▶ [WHAT YOU WILL DO]
Take nothing but the lines from the one with "Los diputados del" through the one with "Evolution Heartbeat Roboter" in the entries below, both ends kept, and return them exactly with pictures left out.

▶ [DATA SHOWN]
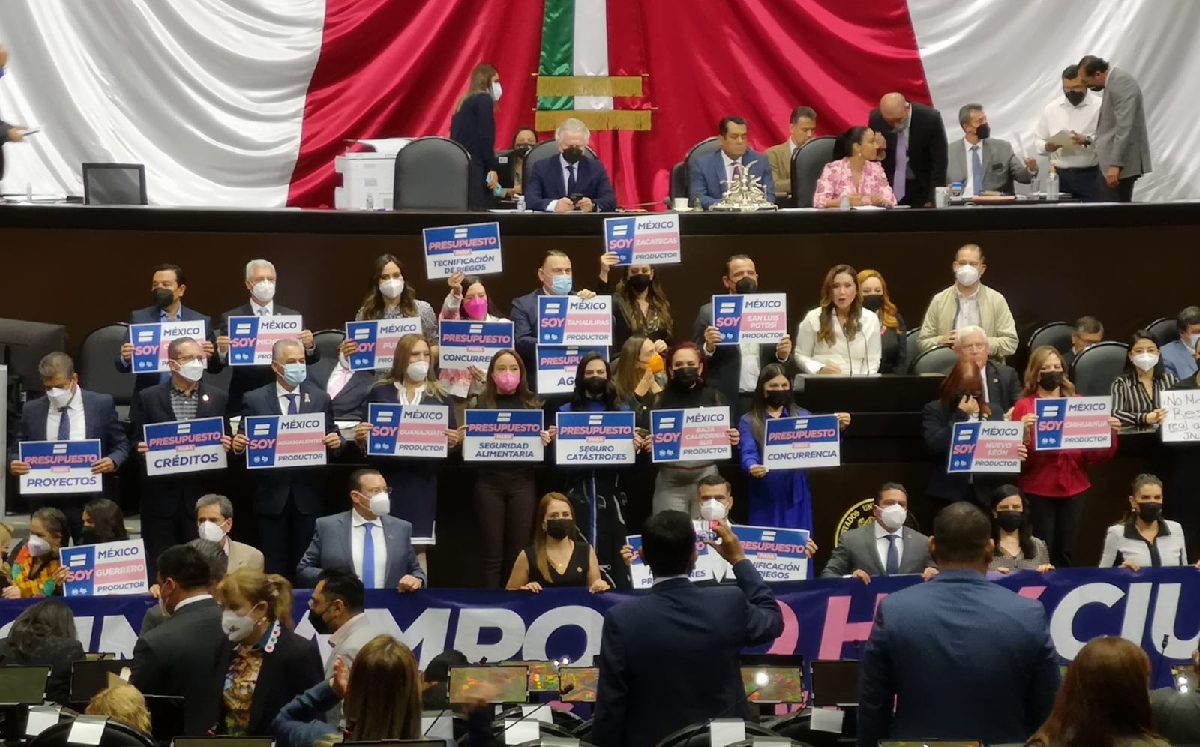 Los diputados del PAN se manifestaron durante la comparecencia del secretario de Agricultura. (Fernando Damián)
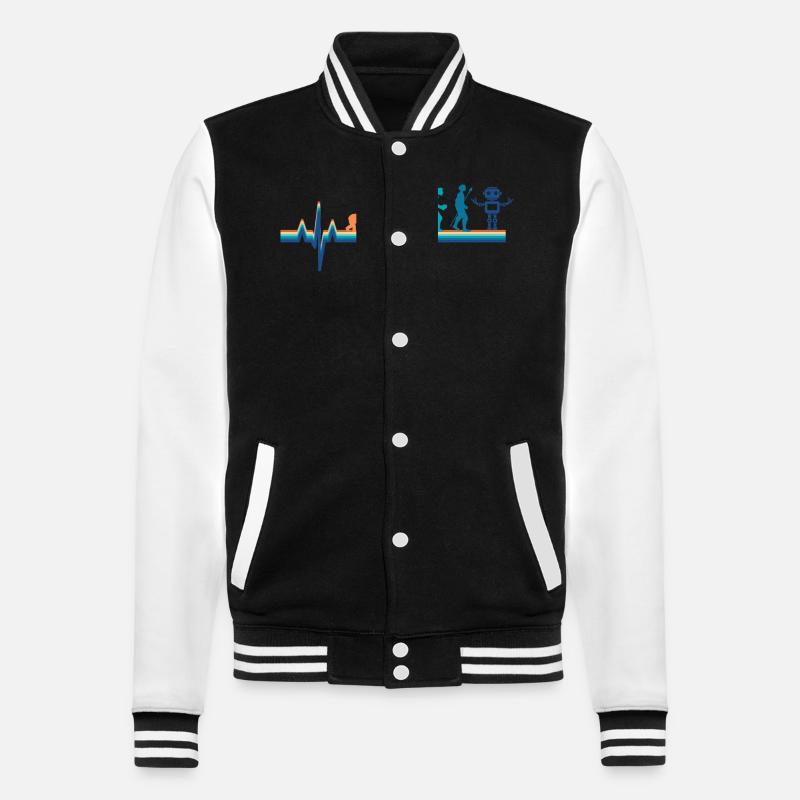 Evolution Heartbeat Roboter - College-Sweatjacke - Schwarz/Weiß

--

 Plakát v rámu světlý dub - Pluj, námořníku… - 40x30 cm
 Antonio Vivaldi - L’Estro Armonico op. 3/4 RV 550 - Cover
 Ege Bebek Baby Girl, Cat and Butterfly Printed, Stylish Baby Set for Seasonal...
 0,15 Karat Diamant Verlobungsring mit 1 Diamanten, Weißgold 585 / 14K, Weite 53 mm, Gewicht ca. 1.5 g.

▶ [TASK ANSWER]
 Los diputados del PAN se manifestaron durante la comparecencia del secretario de Agricultura. (Fernando Damián)
 Evolution Heartbeat Roboter - College-Sweatjacke - Schwarz/Weiß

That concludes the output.